Hi,
I think this is a nasty bug in MRTd?
I have come across situations in which the UII (telnet interface) is not responding, but just got connected. I am compiling with the pthread libraries in Linux (Red Hat 6.0). (This does not always happen, but I am able to reproduce when there are many threads running.)
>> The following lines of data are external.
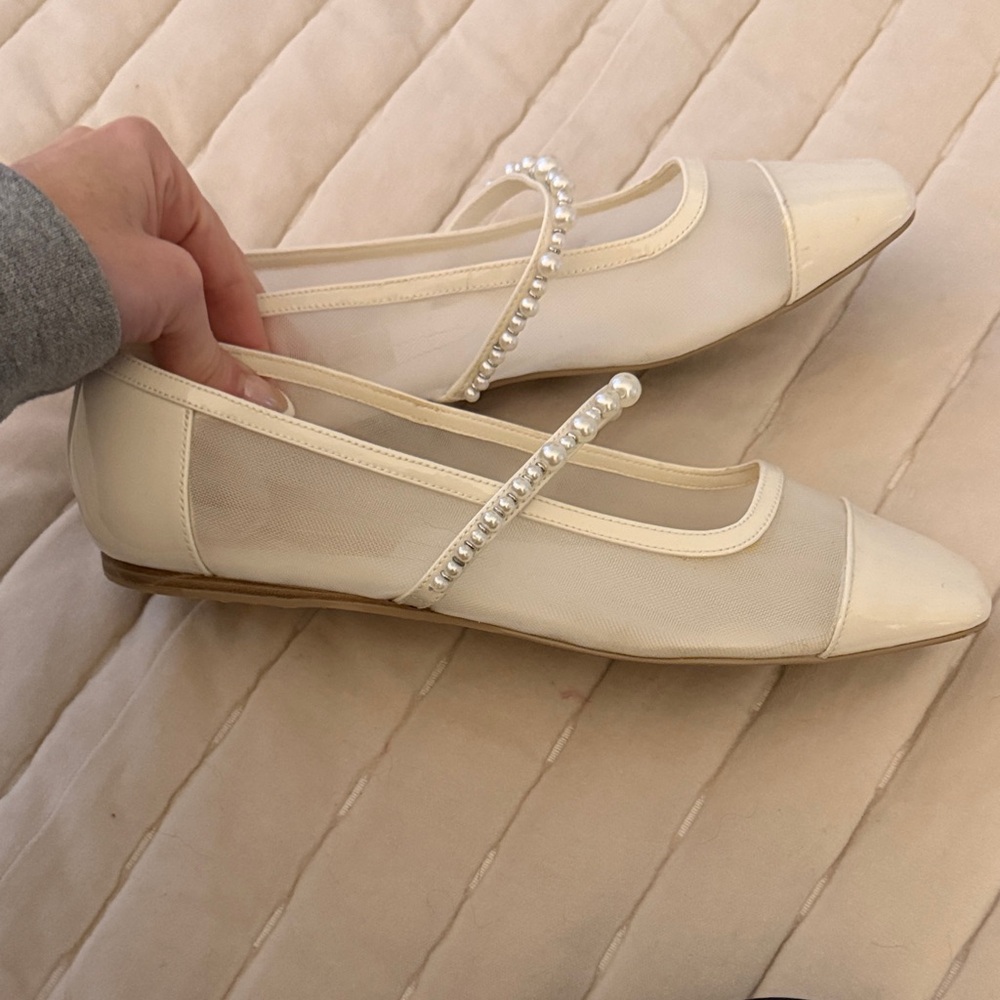 Dolce Vita White Pearl-Embellished Flats - Picture 2 of 4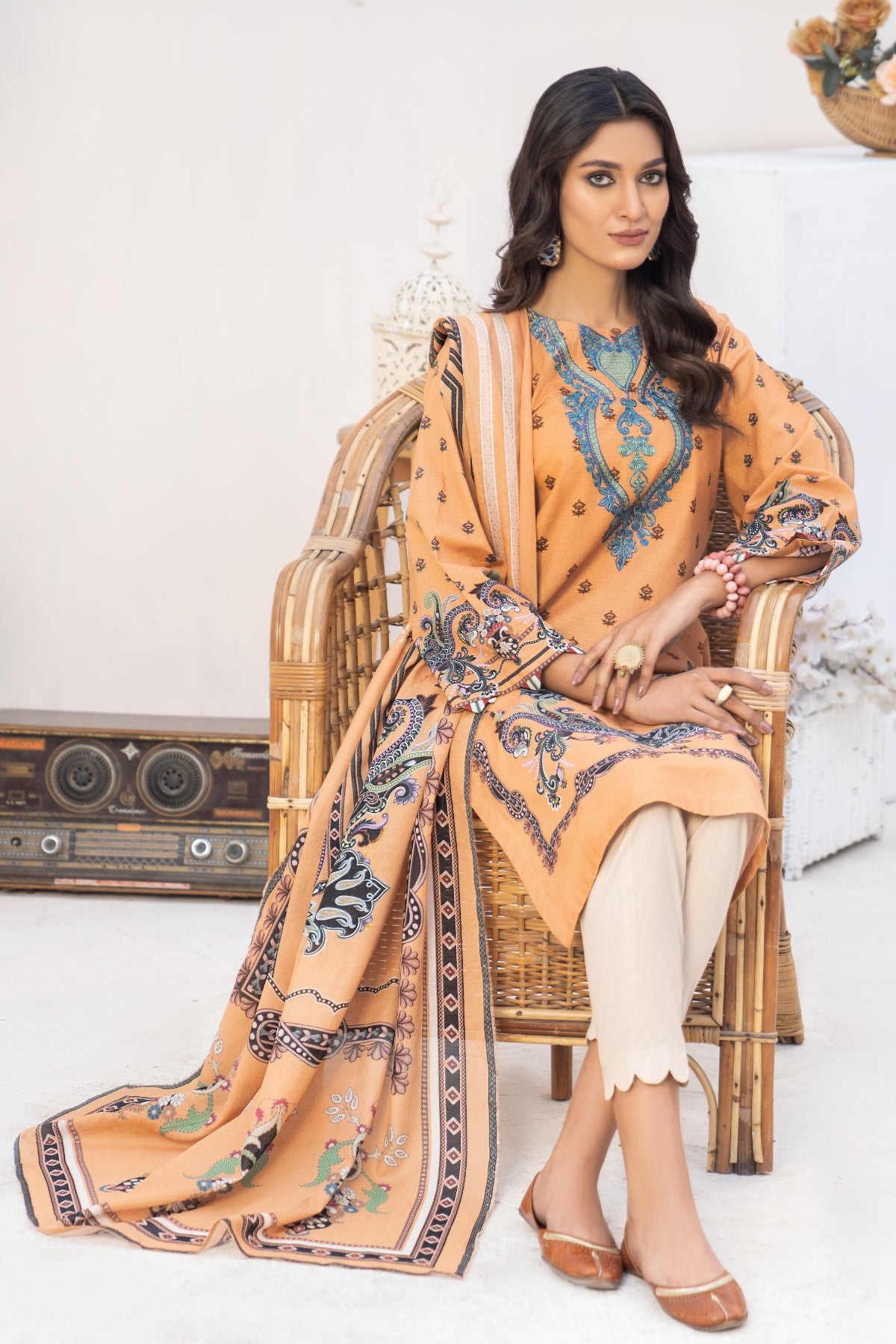 2PC Printed Embroidered Suit - LDS 766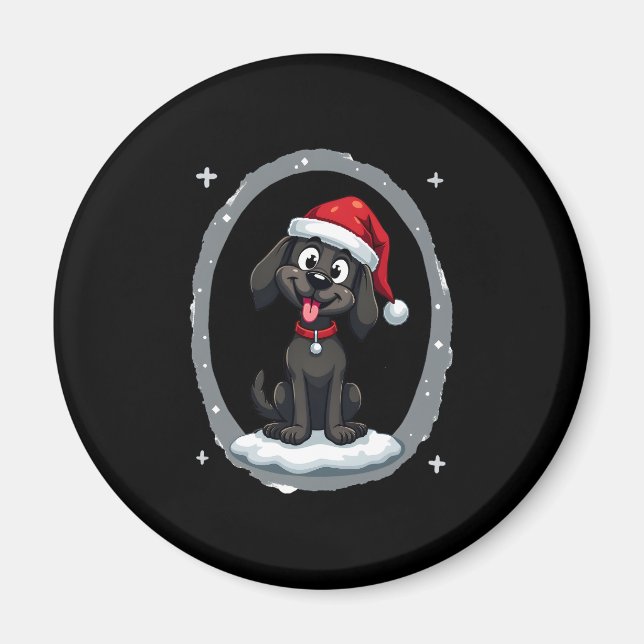 Aimant Black Labrador Christmas Santa Hat Xmas Pajama T-S (Devant)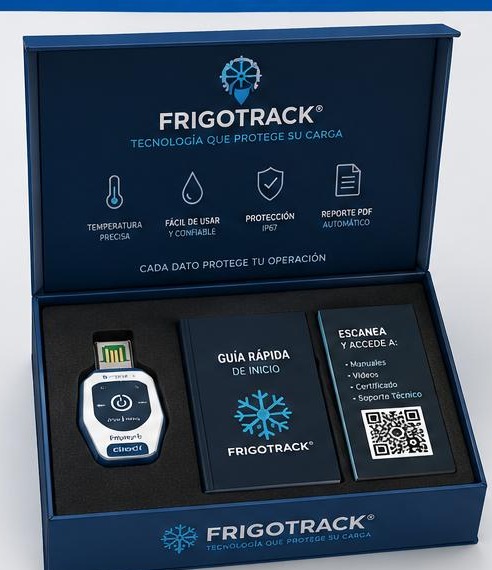 Kit FrigoTrack Essential: data logger, guía rápida y tarjeta de acceso a manuales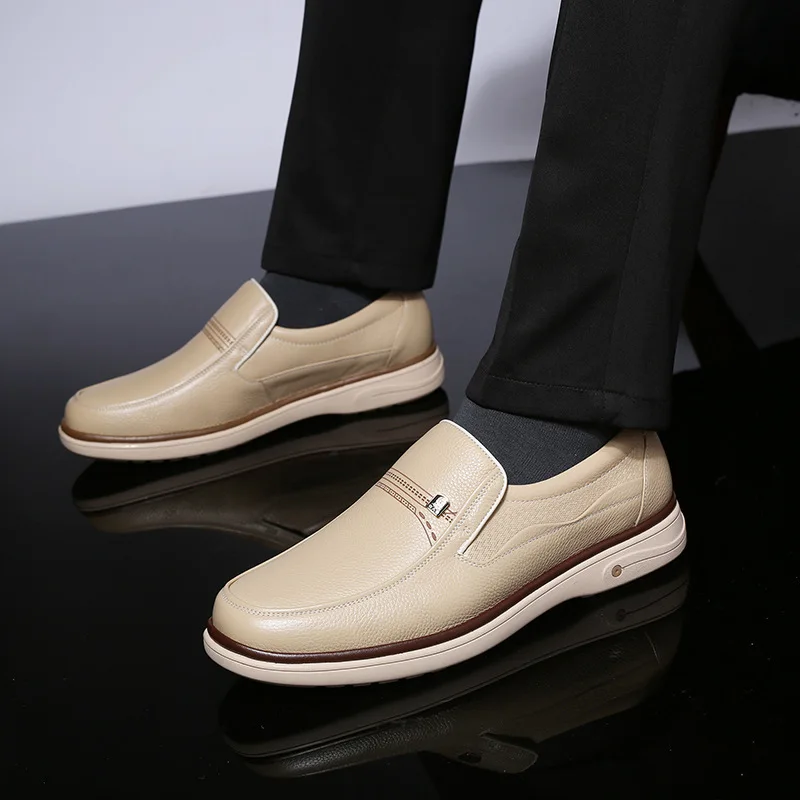 

LOTORY MEN'S SHOES Genuine Leather Business Cowhide Soft-Sole Breathable Dad Going to Work Work Casual White Shoe 1823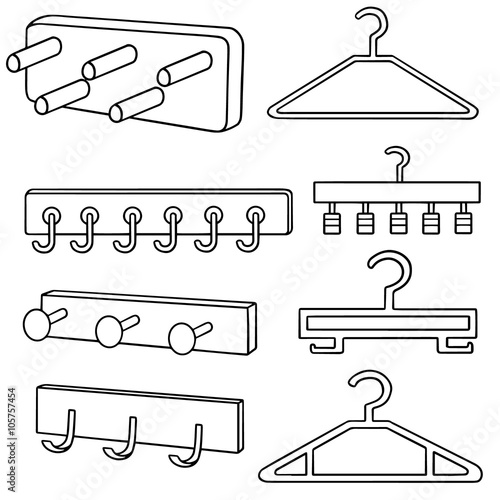 vector set of wall coat rack and hanger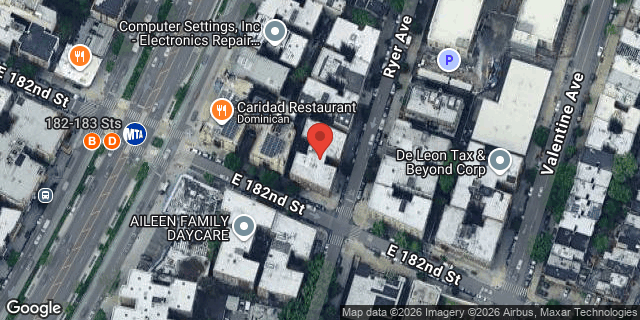 Aerial map of 217 EAST 182 STREET, Bronx
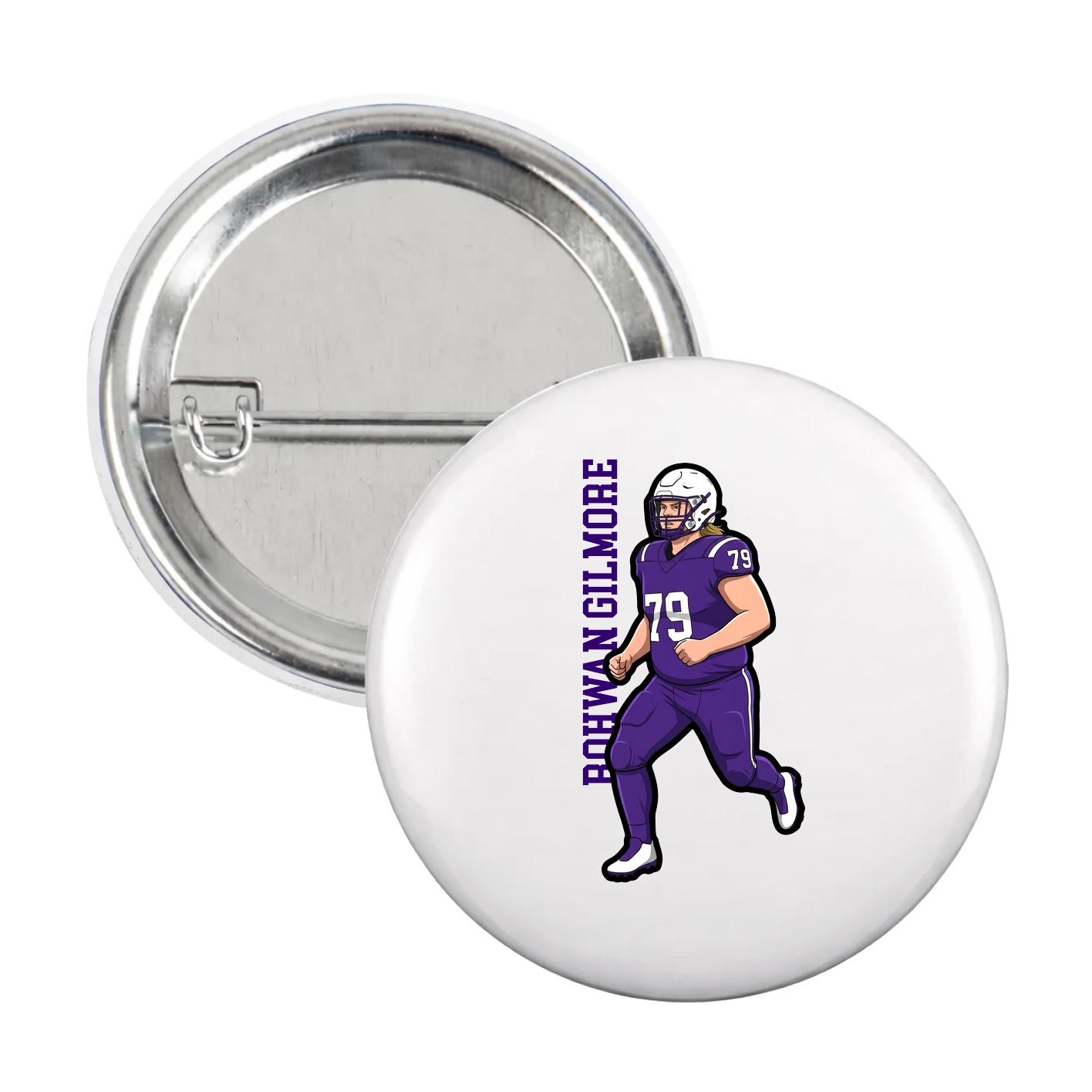 Game Day Button — Name Vertical in White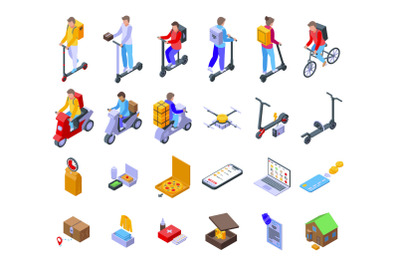 Courier on scooter icons set isometric vector. Restaurant box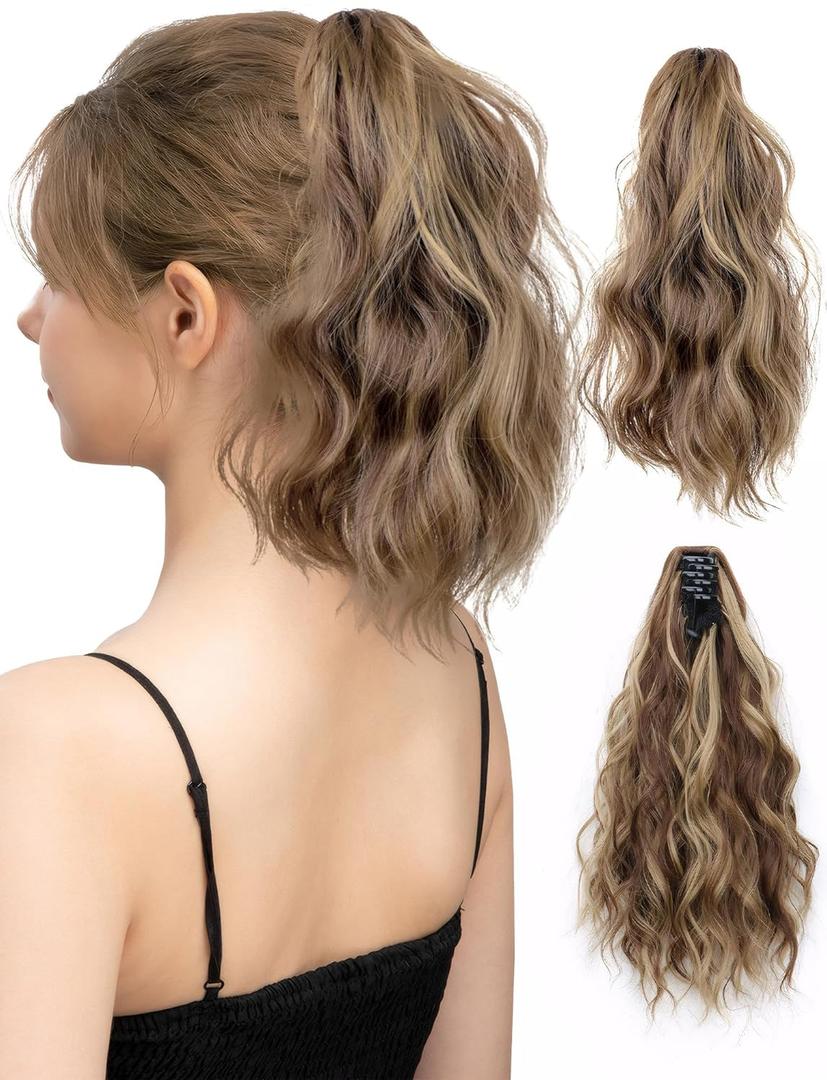 Ponytail Extension Short Ponytail Claw Clip Natural Fluffy Curly Drawstring Ponytail Hairpiece Messy Bun Hair Piece for Women and Girls Brown Blonde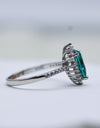 Paraiba Blue Zircon Pear Shape Ring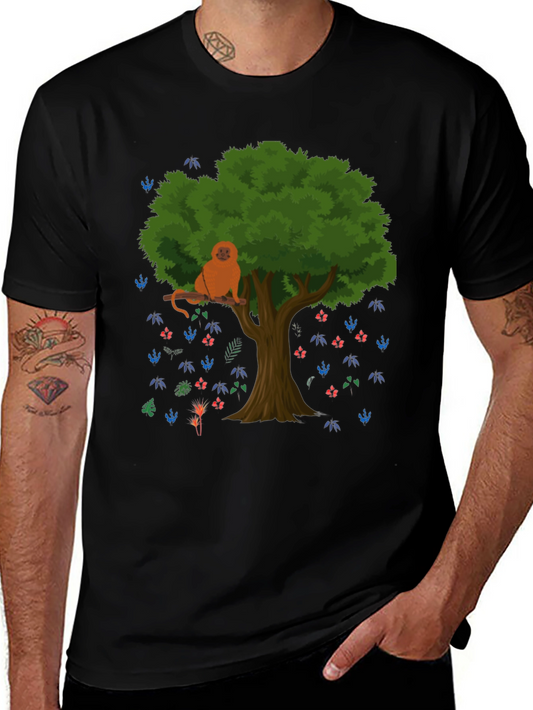 Monkey in Tree Graphic T-Shirt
I've done some tracing and found the bug lies within the mrt_thread_create(). Potentially, it is possible that context switch occurs right after the pthread_create(), so that the thread function runs before the rest of mrt_thread_create() runs and returns. Thus, the thread may run, before all bookkeeping functions are done. This particular bug happens because the following codes (in mrt_thread_create) are not run before the thread begins,
if (schedule)
schedule->self = thread;
In uii_send_buffer(),
if (uii->schedule->self != pthread_self ()) {
buffer_t *temp = New_Buffer (buffer_data_len (buffer));
/* when called from other threads, copy the buffer */
buffer_puts (buffer_data (buffer), temp); */
/* schedule myself to be run by my own thread */
schedule_event2 ("uii_send_buffer_del", uii->schedule,
(event_fn_t) uii_send_buffer_del, 2, uii, temp);
return (0);
}
This piece of code is run, (which shouldn't be because uii->schedule should be equal to pthread_self(), it isn't because the thread runs (start_uii()) before the schedule->self is set in mrt_thread_create()).
Now, uii_send_buffer() returns 0, which makes the UII thread stops responding.
My current solution is the comment out the codes listed above and it works. I am not sure if this bug would affects other MRTd's functionalities. Otherwise there should some mechanisms which make sure mrt_thread_create returns before the thread is run.
Comments?
Tony Cheung